Clark has moved Lois and shielded her from the dynamite charge that went off when she opened the door to her hotel room. The manager offers her another place to stay, but he won't answer any questions about the problems between the Veteran Homesteaders Program and the local political figures. The next morning, the pair of reporters learn that Abner Sikes has gone on a sudden vacation. Learning that Sikes was taking Highway 319, Clark searches for him as Superman after making Lois promise to stay at the hotel. However, Lois may have to go back on her word. Jerry Barton, who was searching for Clark, asks her to come see something that is scheduled for today.

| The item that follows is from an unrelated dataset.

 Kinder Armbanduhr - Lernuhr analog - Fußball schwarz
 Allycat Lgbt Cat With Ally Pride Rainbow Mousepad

He doesn't have time to explain, but it can answer questions about the mysterious events in Freeville.
As Superman searches for Abner Sikes many miles away, Lois and Barton, thanks to a man named Phil Dyer, have found an area in the woods where a meeting will take place. Barton says it is connected with the ones controlling the local government and spreading hateful propaganda against the Veteran Homesteaders Program. Jerry and Lois edge closer to the secluded spot, but they may never see what happens when the gathering occurs at noon. A group of men is heading in their direction. Will Lois and Jerry be able to stay out of danger?
The secret meeting happens to be a type of political rally to help Ed Clayton become senator during an upcoming special election. Clayton is speaking racist propaganda against anyone that has a different religion or skin color or ethnic background, and Fred Leonard is backing "Uncle Ed," as he's sometimes called. Suddenly, some of the men at the gathering spot Lois and Jerry. Now, the star reporter and veteran have been captured. Meanwhile, Superman has not found Abner Sikes and has returned to the hotel, where the manager tells Clark Kent that Lois went away with Jerry Barton. Despite having a hunch that Lois is in trouble, our hero has no idea of the danger in which Lois and Jerry find themselves.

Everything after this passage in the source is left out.